A new review article, “Plastic Pollution in the Arctic“, contends that high levels of plastic pollution (including microplastics) have infiltrated the Arctic and intensified climate change’s effects. Plastics from agriculture, hydrocarbon exploration, landfills, illegal dumping, industry, households, fisheries, offshore industry and other such sources are routinely carried to and within the Arctic by atmospheric and aquatic circulation systems. As plastics move through the Arctic, they gradually break down and release greenhouses gases, including methane and ethylene.
Is There Plastic In the Arctic?
Transported plastics from local and distant sources are broadly distributed throughout the Arctic. The United Nations estimates that approximately 150 million tons plastic debris may be scattered across the Arctic. Plastics are found on Arctic shores, in the water column, in sea ice and in the bodies of marine biota.
How Does Plastic Pollution Affect Marine Life?
Arctic wildlife are known to ingest, become entangled in or smothered by plastic debris. “Plastic Pollution in the Arctic” reports that Arctic species such as sculpin (Triglops nybelini), the northern fulmar (Fulmarus glacialis) and belugas (Delphinapterus leucas) have been found with plastic inside them. Plastic ingestion may even affect marine invertebrates like zooplankton in the east Canadian Arctic and the Fram Strait (a sea channel between Greenland and Svalbard).
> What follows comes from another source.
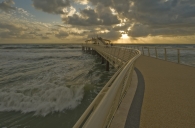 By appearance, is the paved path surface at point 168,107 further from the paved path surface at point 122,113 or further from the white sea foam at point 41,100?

The review further reports that the organismal impacts of plastic infiltration to many endemic species remain largely unknown.
The Fundamental Links Between Climate Change and Marine Plastic Pollution In The Artic
Plastics drive climate change, in return, climate influences distribution of plastics. Also, both climate change and plastics have oil and gas origins. Plastics are derived from greenhouse gases (GHGs) and continue to release GHGs throughout their life cycles as they degrade. Plastics and microplastics are thus expected to increase ocean heat content (OHC). According to “Plastic pollution in the Arctic”, plastics could also promote glacial thawing by affecting their light absorbance, structure and rheological properties.
Circulation systems, including wind, ocean currents and freshwater river flows, continue to move plastics through Arctic ecosystems long after they are originally introduced. Physical impacts associated with climate change effect the concentrations and distribution of plastic in the Arctic. Sea level rise or higher poleward wind speeds from global warming could transport greater levels of plastic debris to Arctic ecosystems.
These interactions suggest that climate change and plastic pollution are mutually reinforcing. The Arctic may be more sensitive to the effects of ocean warming and plastic pollution than most environments because of its permafrost, snow and ice. Climate change strategies aimed at mitigating ocean warming, will have to account for the emissions from plastic sources as well.